Welcome to the forum!

The fact you have realized all you mentioned, so early in your golfing life, is a definite advantage for you. A lot of people don't like to admit how much practice is required to play this game adequately, much less well.

I saw the football player Marshall Faulk on television yesterday. He's an avid golfer and apparently plays to around a 5 handicap. He was asked how long it took him to get that good. He said he came to the game with a bit of natural talent and within 2 years, had gotten down to about a 10 handicap. On the other hand, to improve from 10 to 5, it took another 12 years and a lot of money for lessons.

Certain truths like that are pretty universal, so you are approaching things with just about the best attitude possible.


----------



## Surtees (Sep 11, 2007)

yes this game is differnetly about baby steps of improve there is no magic trick natural talent helps but its like anything when you learnt to ride a bit you werent sure and used training wheels right?


----------



## p051981 (Jul 14, 2010)

*thanks*

I really appreciate all the great advice! Now its time for me to go torture some golf balls.


----------



## 373 (Jun 9, 2006)

p051981 said:


> I really appreciate all the great advice! Now its time for me to go torture some golf balls.


Are you sure that's golf? I'm pretty sure I've played golf for the past 55 years and it's always been the balls who torture me.


----------



## FrogsHair (Mar 4, 2010)

Actually it's the "golf clubs" that torture the ball. Golfers are the resulting "tragedy" of the torture we make the clubs put on said ball. I hate it when the ball goes where I hit it....sometimes. For quite a few years now, I have been trying to blame everything bad in my golf on the "The Bag". I figure since "The Bag" carries all these trouble makers, it should take total responsibility for "The Golfer's" actions. :dunno:


DennisM said:


> Are you sure that's golf? I'm pretty sure I've played golf for the past 55 years and it's always been the balls who torture me.


----------



## Surtees (Sep 11, 2007)

I like it I'm going to blame my bag from now on too!!!!!


----------



## jasminejones (Jul 21, 2010)

I was on hole #3 with a par 3, and I was on my 2nd shot. My first shot from the tee-off got sliced and and went straight to a sand trap. Now on my 2nd shot, using a sand wedge, I miscalculated the swing and the ball went straight to my golfing partner. Oh man, that was pretty hilarious. We were both in stitches (no pun intended there). The most important thing you have to learn in golf: work on your swing/stroke. :laugh:


----------



## broken tee (Jan 13, 2008)

You guys are right about this game, Jasminejones I have done some funny stuff on the course myself. I was using my lob wedge to the green, just a simple shot, and for the life of me I haven't the foggest idea what the hell I did, but the ball seemed to follow the club face then straght up and down the back of my neck and shirt. We were all laughing so hard we had tears.

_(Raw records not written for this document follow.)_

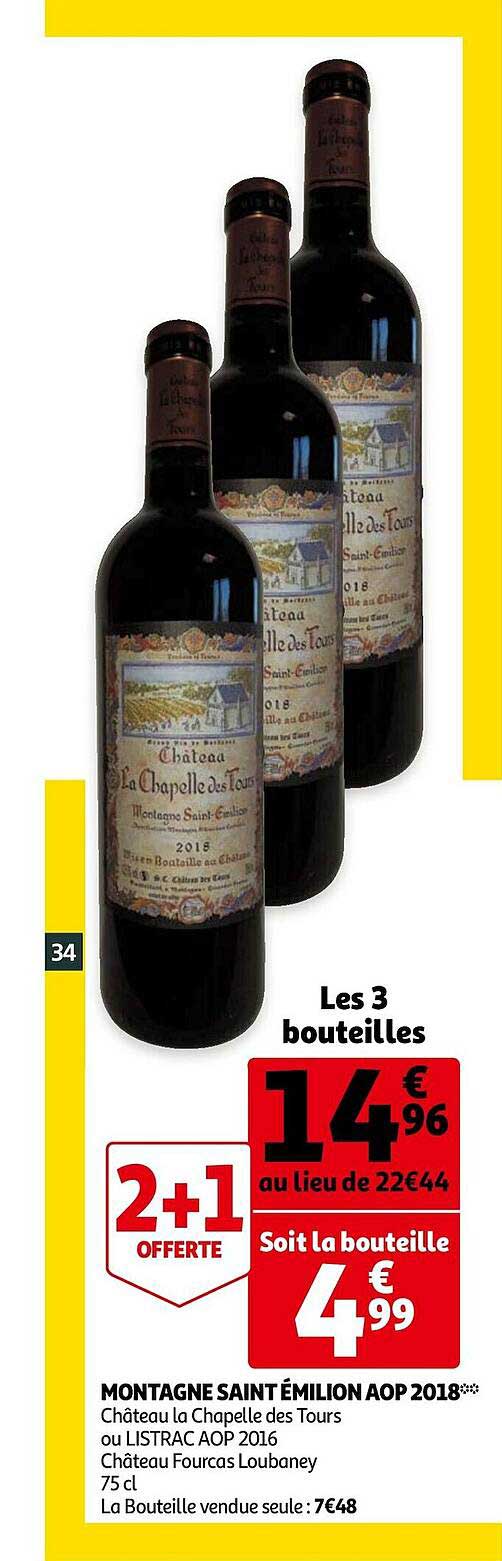 montage saint émilion aop 2018 2+1 offerte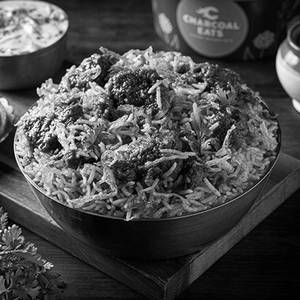 Lucknowi Mutton Dum Biryani (Boneless, Serves 1)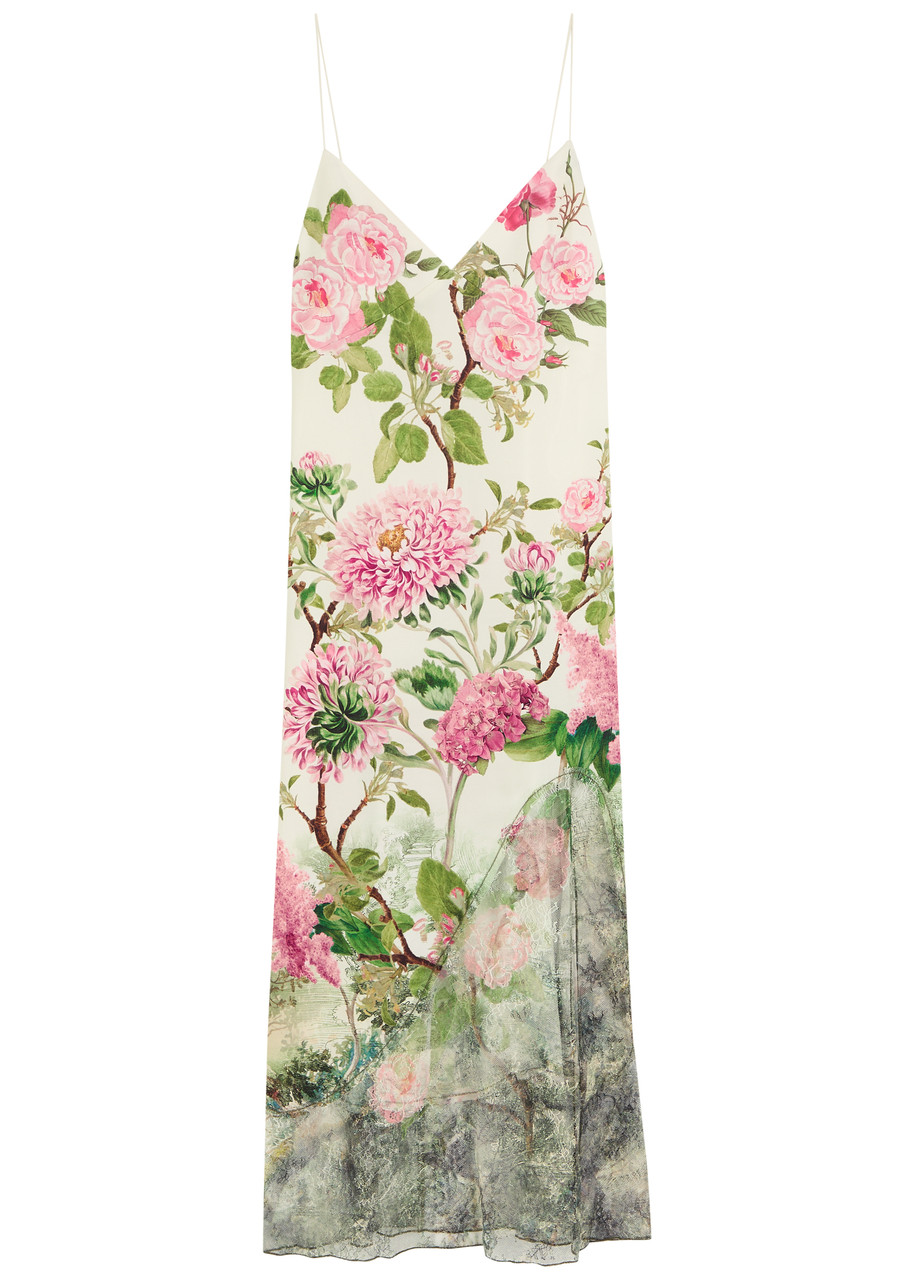 Alice And Olivia Alice + Olivia Printed Midi Dress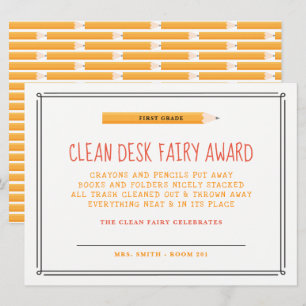Clean Desk Feary Award 招待状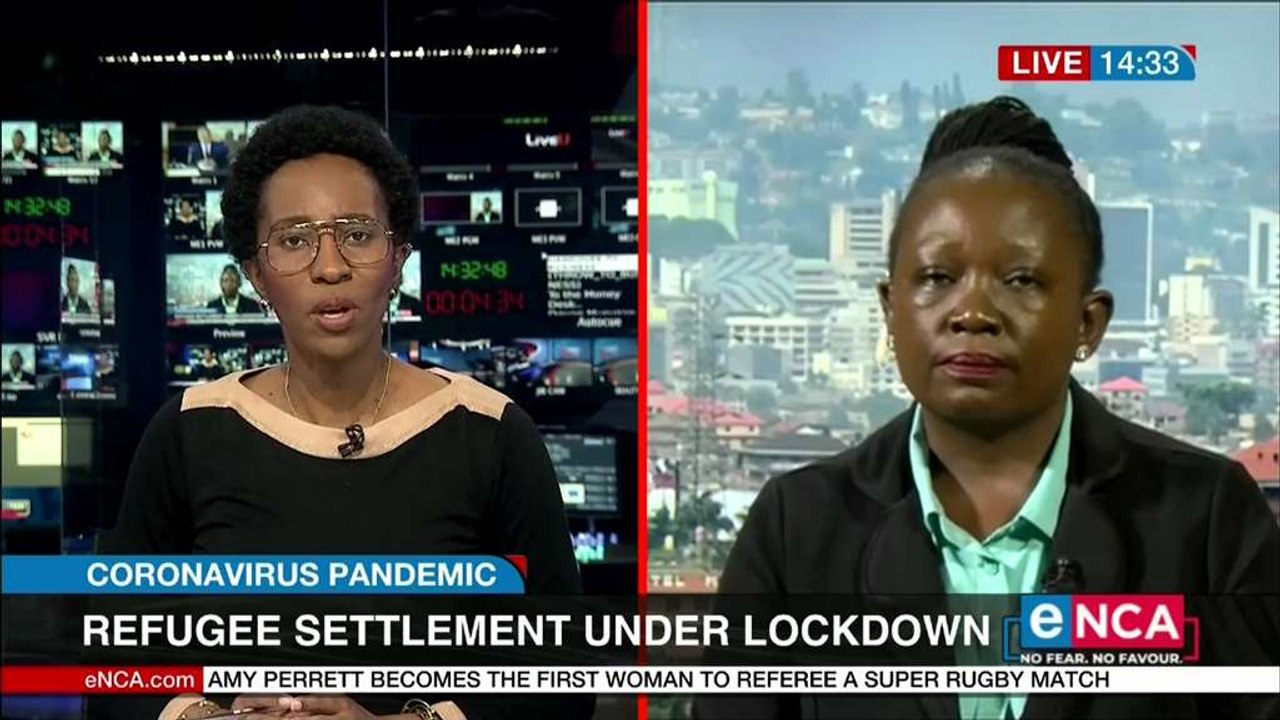 Refugees settlement under lockdown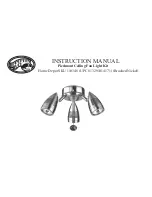 Preview for 1 page of HAMPTON BAY Home Depot SKU 110348 Instruction Manual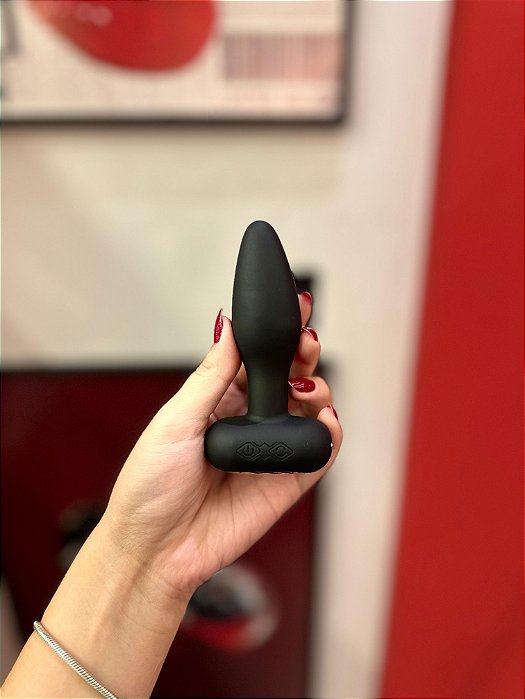 Plug Anal Vibratório por Aplicativo em Silicone com Rotação 360°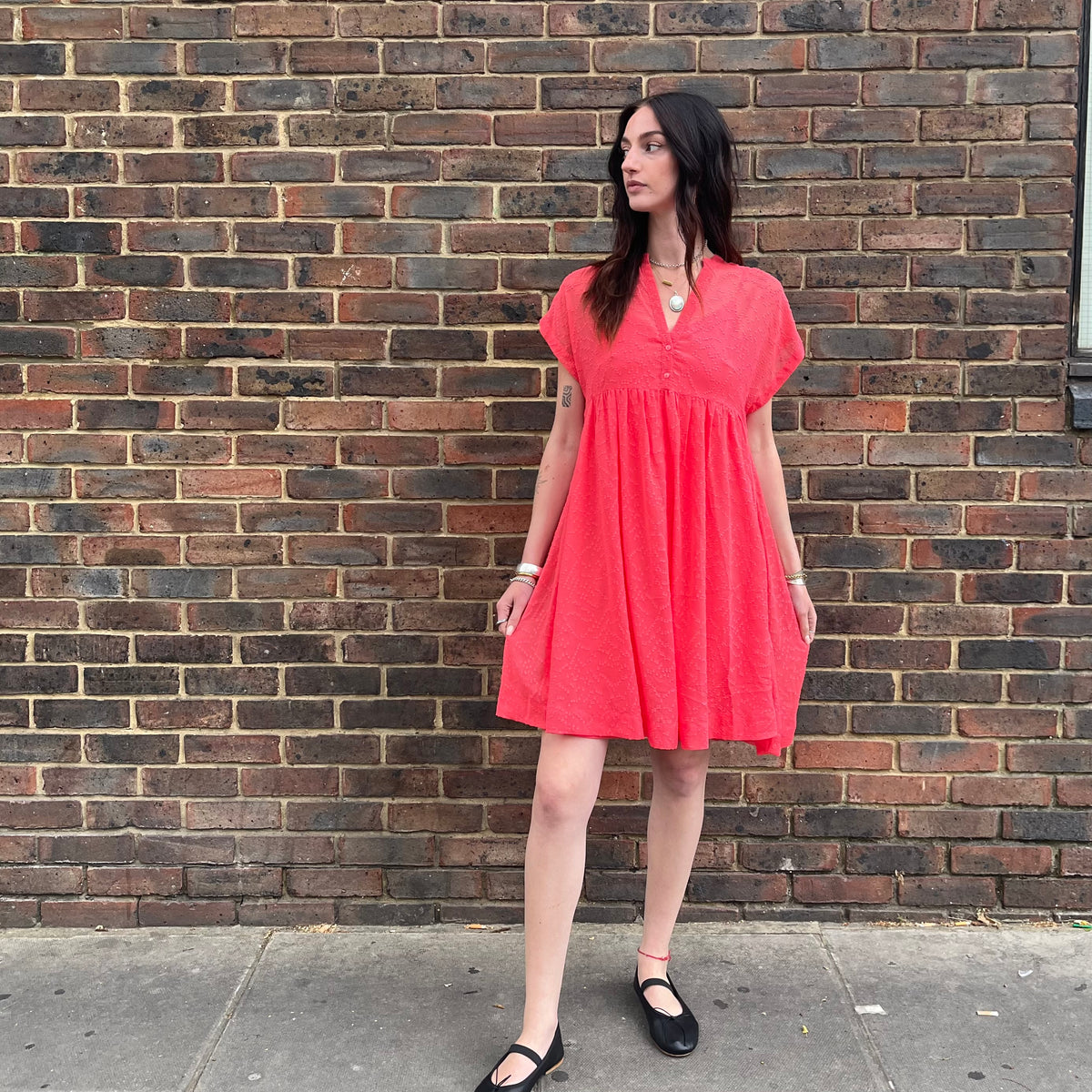 Stella Forest coral dress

Frogshair since I haven't picked on Surtees for awhile, he must be tied up with work and school right now, so its your turn. You Nevadians got to stop talking politics some of that hot air is affecting my comfort on the course 
here, and don't blame Kalifornia or Arizona


----------



## FrogsHair (Mar 4, 2010)

Our politicians (like most politicians) are representing their's, and Sin City's money. Harry Reid is having a tough time with a challenger who wants to do away with social security. She also says she's a politician, and not responsible for creating jobs. Both are having to talk out of both sides of their mouths, when create double the hot air. I like to throw Politicians, and our local Hookers into the same bed. Both are doing the best they can with the tools they have at screwing the public. I will be up in Bryce Canyon area in about 10 days. At least most of Utah cools off at night. Here in Southern Nevada it's no big deal to have triple digit heat at 2am. It's our job to send the hot air some place else. You folks are just in the path of least resistance. However, with respect to you and yours, I will try and not bring any "hot air" with me. Besides, how is 118* going to survive at 8000 feet?


----------



## broken tee (Jan 13, 2008)

The wife and I went to our get away spot in Wyoming at 8k feet it was a balmy 88 while SLC baked in 98 degree weather Sunday and today it started hot and now we have rain. have fun in the canyon.


----------



## Rumic (Jul 27, 2010)

p051981 said:


> I played an actual game last weekend and I had a blast! It was 9 holes at a public course here in Houston, Tx. I've been at the driving range a few time and thought I was ready for the real thing. Little did I know, I realize this game needs alot of practice. Just because you can hit 250 yards at the drivivg range, doesn't make you a true golfer. Golf is very challenging and I love it. Growing up I thought golf was boring and for old folks. What I realize is golf takes alot of skills to master it. I'll probably practice some more and try it again another day. Anyone got any exciting first time golfing stories! Please share!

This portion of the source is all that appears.